CAIRO: Hundreds of employees at the Egyptian Radio and Television Union protested Tuesday in front of the TV building demanding the discharge of top figures and equitable payroll regulations for all employees.
TV employees, who have been holding a sit-in inside the building for the past 18 days, were joined by cinema industry workers, journalists and intellectuals demanding the "cleansing of Egyptian media from the remnants of the ousted regime."
The demands included providing health care for TV workers, the discharge of Ashraf Zaki, the new head of the Egyptian Cinema Association, and chief editors of state-owned newspapers and establishing a syndicate for media workers and graduates of faculties of mass communication nationwide.
"This isn’t a sector protest, media is a public concern and the upcoming period is a critical and transitional period that will require professional media to raise people’s awareness," said Hussein Al-Nazer, who works in the TV news sector.

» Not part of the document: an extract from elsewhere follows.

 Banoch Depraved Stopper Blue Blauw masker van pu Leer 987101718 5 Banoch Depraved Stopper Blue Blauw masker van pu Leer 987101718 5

"How can those who misled public opinion and delivered messages of hatred lead public opinion in free elections?" he added.
Protesters demanded the discharge of Samy Al-Sherif, the newly appointed head of the Egyptian Radio and Television Union, as well as the return of the army appointed head, Tarek Al-Mahdy.

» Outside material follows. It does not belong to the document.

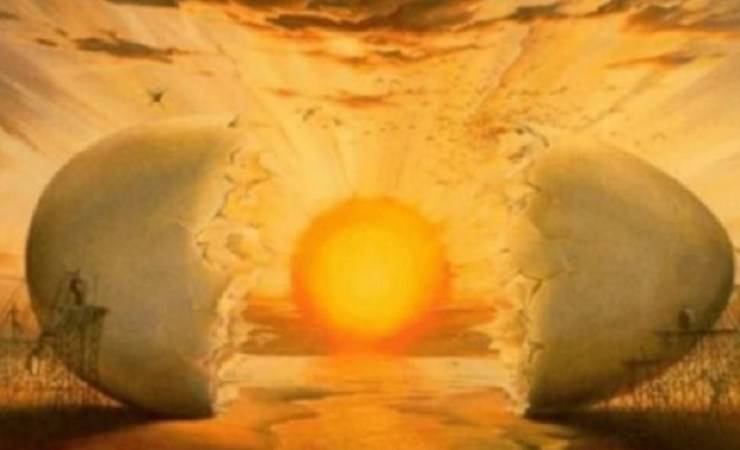 Vedi un uovo o un tramonto? La risposta ti sorprenderà (Foto: GreenMe)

They are also demanding new payroll regulations to narrow the huge gap in wages between workers and heads of departments and some anchors and directors.

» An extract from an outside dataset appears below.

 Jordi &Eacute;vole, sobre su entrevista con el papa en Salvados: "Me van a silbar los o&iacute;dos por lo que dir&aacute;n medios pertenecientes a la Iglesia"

"After the revolution we discovered that some people are paid very high salaries while we are paid salaries that aren’t enough to last till the end of the month," said Ahmed Hassan, who works in the engineering department.
"How can some people be paid hundreds of thousands of pounds while the union is in debt with more than LE 11.7 billion," Al-Nazer said.
Protesters said that after Al-Mahdy asked them to present documents proving corruption cases he was replaced by Al-Sherif and the top figures remained in their posts.
They said that three protestors participating in the sit-in were arrested this week but were released by direct orders from Hussein Tantawy, head of the Supreme Council of the Armed Forces.
Protesters disagreed on whether to block Egyptian TV’s transmission on Tuesday, with some saying it endangers national security while others saw it as a legitimate way to voice their demands.
"There are tens of protesters on each floor of the building and some departments went on strike, but they are trying to portray it to the public that we are a minority," said Mahgoub Al-Sa’ay, director at the specialized channels department.
Protesters said that they won’t leave until their demands are met and that they took their protests to the street to convey their demands to the public because media was denied access to them inside the building.
They were joined by George Ishaq, from the Kefaya Movement for Change and Gamal Zahran, former independent MP and a number of political activists.